I have had my fork eased by three-eighths, I’ve been cut all the way from the crown, my seat has been scooped out and my body is now in balance. I’ve got kick tape on both legs and I feel fantastic.

It’s the award season, and time to get out my evening dress. I am not going to the actual Oscars, naturally enough. But I do get invited to plenty of events that are billed as, you know, ‘the industry Oscars’. Recently, as compère, I handed someone their prize for being declared ‘Outsourced service provider of the year’.

So I need black tie. There is, however, something mysterious about mine. Every time I collect it from the cupboard it has toothpaste on the lapel. I don’t understand why this is since I never brush my teeth while wearing the jacket. But there is no point arguing with the facts.

As a result, one of two things happens when I am invited to a dinner-jacket event. I turn up wearing bow tie, black jacket and Macleans or I forget the suit and have to rush to Moss Bros at the last minute and rent whatever is in stock. It is time to get a proper, crisp, good-looking new suit and then leave it hanging in the office.

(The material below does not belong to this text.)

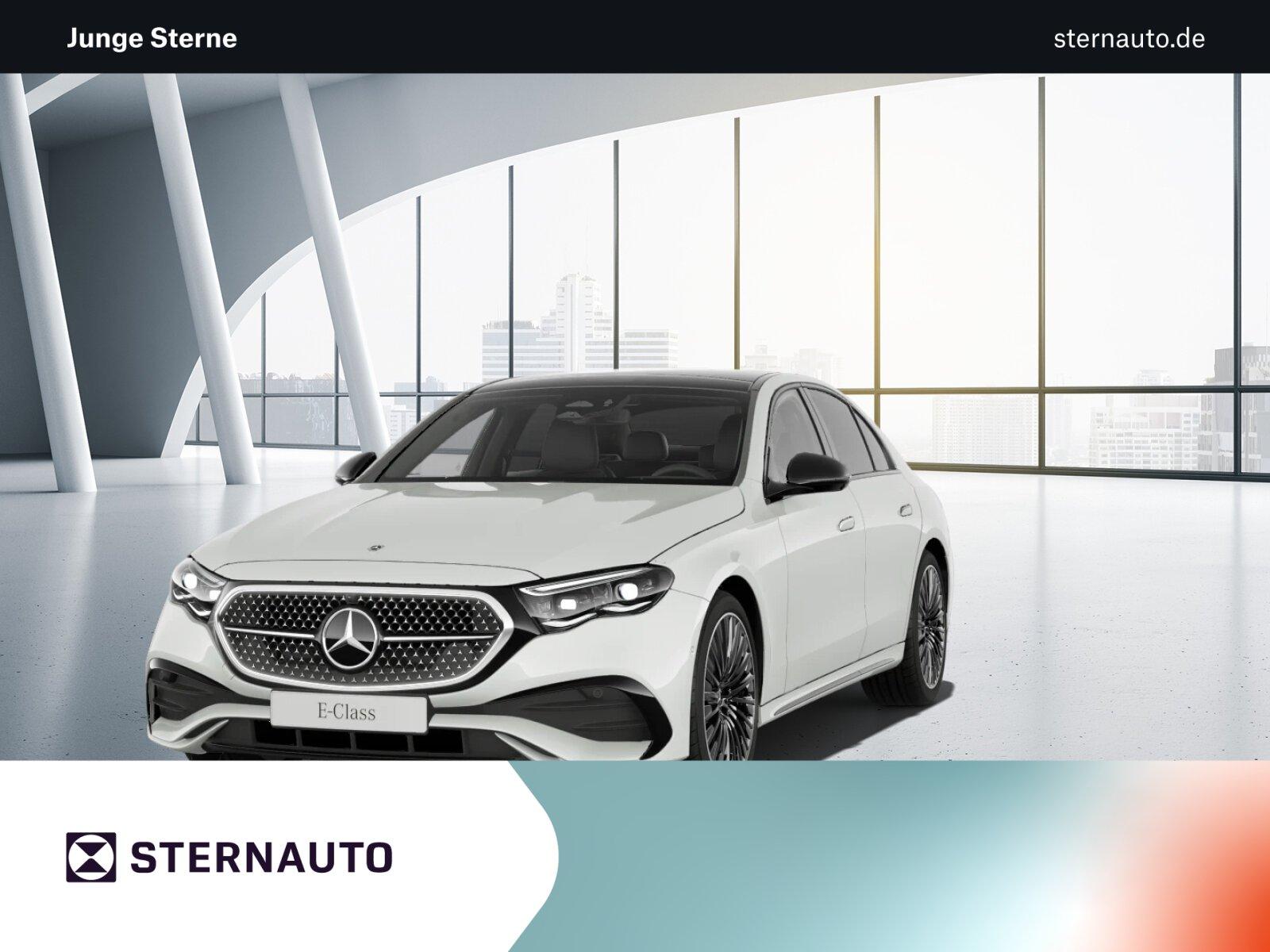 Mercedes-Benz E 450 d 4M Superscreen Airmatic HinterachsL Digi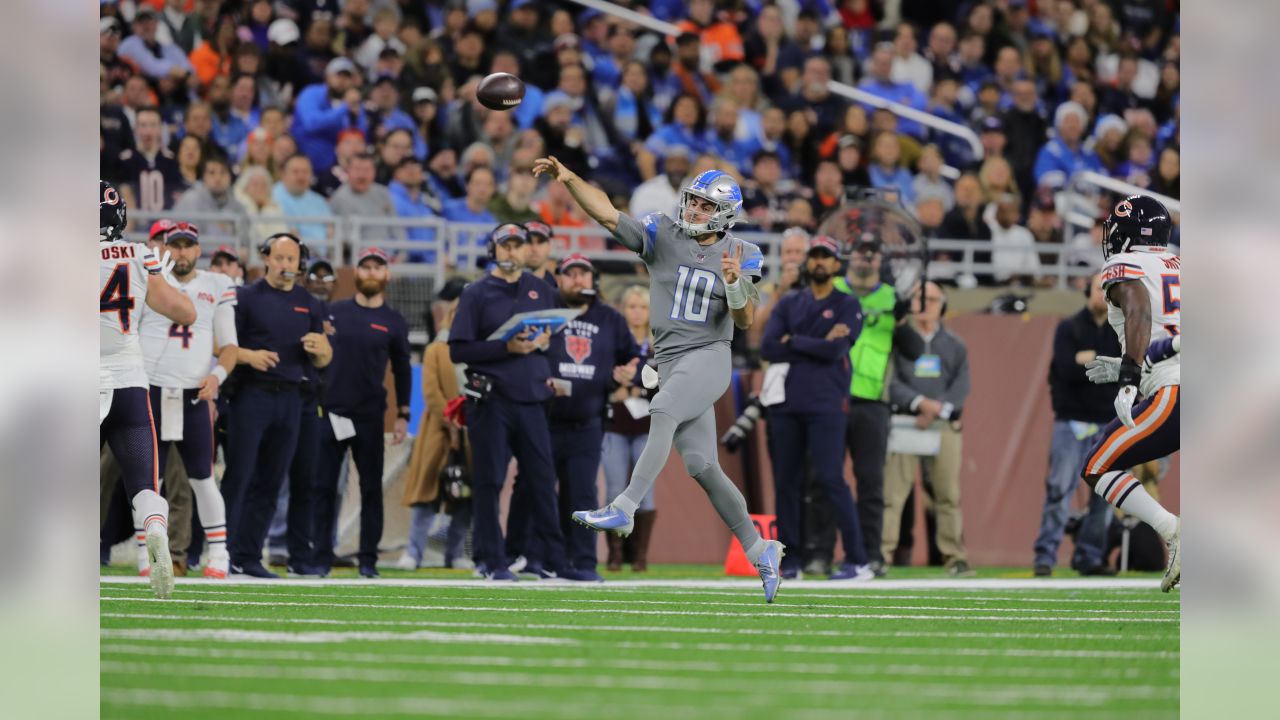 Who is David Blough? Lions to start undrafted rookie at QB on Thanksgiving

Unfortunately, proper, crisp and good-looking are slightly outside my range as a dresser. I am, I’m afraid, the Messi of messy (football joke, ask someone). Bill Gates has been described as an inky-fingered genius. I just got the inky fingers. When Mrs Foot protested that the donkey jacket her husband wore to the Cenotaph was ‘brand new’ I was sympathetic. If I were ever on the red carpet, I would have one of those discs marked ‘Miss’ pinned to my jacket, so as to save newspaper graphics departments the trouble.

A professional is definitely required. And fortunately, one is at hand in the form of Jeremy Hackett, the founder of the classy men’s outfitter that bears his name. The company had just been the official menswear stylist for the Baftas. It had dressed Stephen Fry (big man, super nice apparently, weight fluctuates, looked fantastic on the night), Cuba Gooding Jr (who made the Burgundy jacket work), Jim Broadbent and that good-looking guy in Great Expectations. And now it was my turn. Somewhat Lower Expectations.

‘Formal dress is not fancy dress,’ declares Jeremy, prescribing a restrained classic look for me. And he explains that the details – cufflinks, studs, shoes – are crucial. ‘It’s all about detail and fit.’ At this point he looks at my shoes, which were last polished during the coalition negotiations in 2010. He is a lovely, civilised man, Jeremy, who doesn’t give away much. But he couldn’t disguise a pained look. ‘You’d better borrow a pair from us,’ he says.

There are all sorts of materials I could have, apparently. And different weights of cloth. Graham Simpkins, Hackett head of tailoring, takes me through the choices. Hopsack, barathea, mohair, they’d all work fine. He says the mohair will give me a traditional, clean look and I reply that clean sounds good. This would have been the moment to ask about the toothpaste, I suppose, but I let it slide and now it will forever be a mystery.

Since an 8oz suit is too lightweight and doesn’t have enough structure, and a 12oz might be too heavy and hot, we settle on 9oz. Single breasted, peaked lapel, mohair 9, the decision is made.

Now the shirt. I ask if I should tuck the wings of my dress shirt outside or inside the bow tie. The answer, it appears, is neither. Jeremy tactfully guides me to a normal dress shirt and doesn’t demur when I joke that the wing collar is a ‘stupid idea I got off Brideshead Revisited twenty-five years ago’.

So far, so simple. Time for fitting and I try on the trousers. They have buttons on the fly. ‘Black tie is a military look,’ Graham explains, leaving me to struggle. If so, I am surprised we weren’t stuck in the toilet doing up our trousers when Hitler invaded.

Graham gives me a quick once over. We are going to cut the jacket from the crown (the shoulders) he says, shorten the jacket to balance your body, let out the waist and, I swear he said this, ease the fork in your trousers. Then we’ll put kick tape in to prevent fraying.

And so he did. I must say, it looks pretty good. Even I can’t ruin it. I am working on it, though.